WORK INSTRUCTION —
Print the data that follows exactly, leaving nothing out.
[THE INPUT — start]
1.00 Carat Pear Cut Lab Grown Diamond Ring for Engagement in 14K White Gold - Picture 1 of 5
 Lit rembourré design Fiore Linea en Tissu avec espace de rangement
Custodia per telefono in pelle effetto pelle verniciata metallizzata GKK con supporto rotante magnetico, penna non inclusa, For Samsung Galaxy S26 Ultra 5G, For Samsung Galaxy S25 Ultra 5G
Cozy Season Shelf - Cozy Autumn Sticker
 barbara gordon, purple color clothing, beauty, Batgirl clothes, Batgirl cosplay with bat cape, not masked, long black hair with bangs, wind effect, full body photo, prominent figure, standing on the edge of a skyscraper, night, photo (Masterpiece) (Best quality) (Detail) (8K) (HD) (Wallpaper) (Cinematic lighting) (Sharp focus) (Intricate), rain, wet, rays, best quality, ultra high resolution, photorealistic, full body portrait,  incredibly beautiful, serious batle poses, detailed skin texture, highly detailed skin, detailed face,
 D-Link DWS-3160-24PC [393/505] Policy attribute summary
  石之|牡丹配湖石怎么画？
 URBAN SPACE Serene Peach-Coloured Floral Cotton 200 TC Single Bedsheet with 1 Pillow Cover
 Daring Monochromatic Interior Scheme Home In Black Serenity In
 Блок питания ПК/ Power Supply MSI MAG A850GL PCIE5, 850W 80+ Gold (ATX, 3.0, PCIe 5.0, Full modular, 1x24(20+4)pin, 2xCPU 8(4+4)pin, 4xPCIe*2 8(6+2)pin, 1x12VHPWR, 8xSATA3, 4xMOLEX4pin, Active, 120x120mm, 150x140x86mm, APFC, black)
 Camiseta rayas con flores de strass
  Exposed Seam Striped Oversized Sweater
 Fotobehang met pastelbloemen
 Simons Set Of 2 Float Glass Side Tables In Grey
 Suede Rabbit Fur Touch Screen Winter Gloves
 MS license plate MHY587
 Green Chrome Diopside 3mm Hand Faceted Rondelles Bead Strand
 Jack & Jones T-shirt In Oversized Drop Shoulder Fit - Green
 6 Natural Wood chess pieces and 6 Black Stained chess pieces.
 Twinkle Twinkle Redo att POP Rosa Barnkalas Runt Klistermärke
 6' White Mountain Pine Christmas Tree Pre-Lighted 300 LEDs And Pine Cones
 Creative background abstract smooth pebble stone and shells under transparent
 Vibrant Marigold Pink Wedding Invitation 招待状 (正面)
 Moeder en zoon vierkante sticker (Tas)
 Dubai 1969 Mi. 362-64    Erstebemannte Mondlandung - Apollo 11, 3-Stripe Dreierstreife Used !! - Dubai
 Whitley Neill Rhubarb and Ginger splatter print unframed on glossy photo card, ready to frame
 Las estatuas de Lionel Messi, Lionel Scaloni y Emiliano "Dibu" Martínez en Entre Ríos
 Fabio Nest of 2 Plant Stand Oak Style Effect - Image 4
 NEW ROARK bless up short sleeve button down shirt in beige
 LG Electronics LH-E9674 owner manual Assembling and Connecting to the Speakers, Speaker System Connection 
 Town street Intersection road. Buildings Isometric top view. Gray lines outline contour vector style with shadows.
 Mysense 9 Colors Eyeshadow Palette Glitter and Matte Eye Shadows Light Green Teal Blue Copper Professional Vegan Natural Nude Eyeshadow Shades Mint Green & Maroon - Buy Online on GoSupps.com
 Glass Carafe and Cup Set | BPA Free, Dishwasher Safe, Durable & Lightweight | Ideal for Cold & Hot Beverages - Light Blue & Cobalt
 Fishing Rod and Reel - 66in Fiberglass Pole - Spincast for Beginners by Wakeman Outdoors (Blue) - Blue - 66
[THE INPUT — finish]
RESULT BELOW —
1.00 Carat Pear Cut Lab Grown Diamond Ring for Engagement in 14K White Gold - Picture 1 of 5
 Lit rembourré design Fiore Linea en Tissu avec espace de rangement
Custodia per telefono in pelle effetto pelle verniciata metallizzata GKK con supporto rotante magnetico, penna non inclusa, For Samsung Galaxy S26 Ultra 5G, For Samsung Galaxy S25 Ultra 5G
Cozy Season Shelf - Cozy Autumn Sticker
 barbara gordon, purple color clothing, beauty, Batgirl clothes, Batgirl cosplay with bat cape, not masked, long black hair with bangs, wind effect, full body photo, prominent figure, standing on the edge of a skyscraper, night, photo (Masterpiece) (Best quality) (Detail) (8K) (HD) (Wallpaper) (Cinematic lighting) (Sharp focus) (Intricate), rain, wet, rays, best quality, ultra high resolution, photorealistic, full body portrait,  incredibly beautiful, serious batle poses, detailed skin texture, highly detailed skin, detailed face,
 D-Link DWS-3160-24PC [393/505] Policy attribute summary
  石之|牡丹配湖石怎么画？
 URBAN SPACE Serene Peach-Coloured Floral Cotton 200 TC Single Bedsheet with 1 Pillow Cover
 Daring Monochromatic Interior Scheme Home In Black Serenity In
 Блок питания ПК/ Power Supply MSI MAG A850GL PCIE5, 850W 80+ Gold (ATX, 3.0, PCIe 5.0, Full modular, 1x24(20+4)pin, 2xCPU 8(4+4)pin, 4xPCIe*2 8(6+2)pin, 1x12VHPWR, 8xSATA3, 4xMOLEX4pin, Active, 120x120mm, 150x140x86mm, APFC, black)
 Camiseta rayas con flores de strass
  Exposed Seam Striped Oversized Sweater
 Fotobehang met pastelbloemen
 Simons Set Of 2 Float Glass Side Tables In Grey
 Suede Rabbit Fur Touch Screen Winter Gloves
 MS license plate MHY587
 Green Chrome Diopside 3mm Hand Faceted Rondelles Bead Strand
 Jack & Jones T-shirt In Oversized Drop Shoulder Fit - Green
 6 Natural Wood chess pieces and 6 Black Stained chess pieces.
 Twinkle Twinkle Redo att POP Rosa Barnkalas Runt Klistermärke
 6' White Mountain Pine Christmas Tree Pre-Lighted 300 LEDs And Pine Cones
 Creative background abstract smooth pebble stone and shells under transparent
 Vibrant Marigold Pink Wedding Invitation 招待状 (正面)
 Moeder en zoon vierkante sticker (Tas)
 Dubai 1969 Mi. 362-64    Erstebemannte Mondlandung - Apollo 11, 3-Stripe Dreierstreife Used !! - Dubai
 Whitley Neill Rhubarb and Ginger splatter print unframed on glossy photo card, ready to frame
 Las estatuas de Lionel Messi, Lionel Scaloni y Emiliano "Dibu" Martínez en Entre Ríos
 Fabio Nest of 2 Plant Stand Oak Style Effect - Image 4
 NEW ROARK bless up short sleeve button down shirt in beige
 LG Electronics LH-E9674 owner manual Assembling and Connecting to the Speakers, Speaker System Connection 
 Town street Intersection road. Buildings Isometric top view. Gray lines outline contour vector style with shadows.
 Mysense 9 Colors Eyeshadow Palette Glitter and Matte Eye Shadows Light Green Teal Blue Copper Professional Vegan Natural Nude Eyeshadow Shades Mint Green & Maroon - Buy Online on GoSupps.com
 Glass Carafe and Cup Set | BPA Free, Dishwasher Safe, Durable & Lightweight | Ideal for Cold & Hot Beverages - Light Blue & Cobalt
 Fishing Rod and Reel - 66in Fiberglass Pole - Spincast for Beginners by Wakeman Outdoors (Blue) - Blue - 66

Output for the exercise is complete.